Ialah hujjah, bahwa dia ingin diutus sebagai pembawa kasih dan bukan penyebab ‘adzab; Allah bahkan menyatakan dirinyalah rahmat bagi semesta alam. Bahwa dia datang dengan kesediaan menanggung derita ummatnya, amat menginginkan kebaikan bagi mereka, serta lembut dan welas-asih. Bahwa dia berada di atas akhlaq yang agung; baik dalam akhlaq pada Rabbnya, akhlaq pada dirinya, juga pada sahabat maupun musuhnya. Jernih sekali Nabi menyebut hari terberat; ketika Jibril datang menawarkan pembinasaan musuh. Itulah saat kemuliaan dakwah memenangi batin yang gemuruh.
Adakah nilai hidup seindah pribadi ini, yang terpuji di langit dan bumi?
***
Sementara itu, gunung yang ketiga berasal dari Yunani.Di satu bagian dunia orang mati, begitu ditulis oleh Homerus dalam Illiad & Odissey, menjulang juga sebuah gunung yang tinggi. Di lerengnya yang terjal dan curam, berbatu dan penuh kerikil tajam, berliku dan kelam, mudah longsor dan seram; seorang lelaki berotot kuat, berkulit liat, bermandi keringat, dengan mata membeliak dan kaki terhentak-hentak menghela sebuah batu raksasa, mendorongnya ke puncak yang runcing menusuk langit.

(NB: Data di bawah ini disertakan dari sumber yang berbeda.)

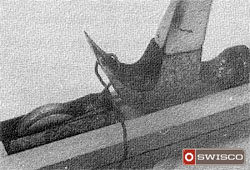 Photo of the Pella roller assembly being removed using a wire loop and a hammer.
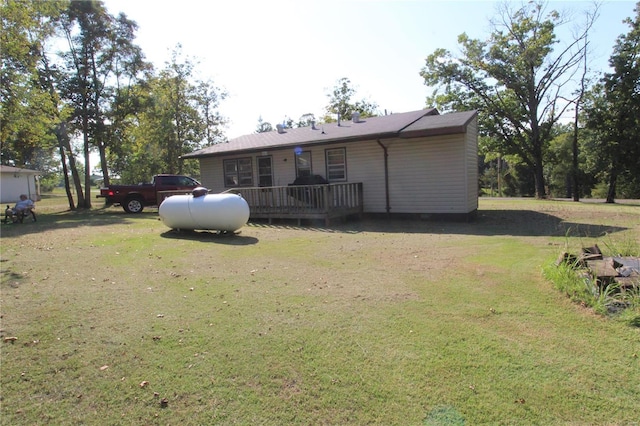 view of yard with a wooden deck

Ini entah sudah kali ke berapa, dan tiap kali dia menyelesaikan kerjanya, batu itu menggelinding kembali ke bawah dengan mudah. Lalu dia harus memulai dari awal; menyungkah batu itu menyusur tebing menuju puncak, terluka dan pedih, lelah dan perih, getir dan sedih; untuk kemudian sang batu bergegas turun, memintanya mengulang kembali kutukannya yang abadi.
Lelaki itu; Sisyphus namanya.
Selama berabad-abad dalam peradaban Barat, nama dan kisah ini menjadi lambang perjalanan hidup manusia yang nir-hasil dan tanpa makna. Lelah menyiksa sekaligus tak berguna. Harapan yang setapak-tapak sampai puncak lalu sekejap sirna. Sia-sia sekaligus mengerikan.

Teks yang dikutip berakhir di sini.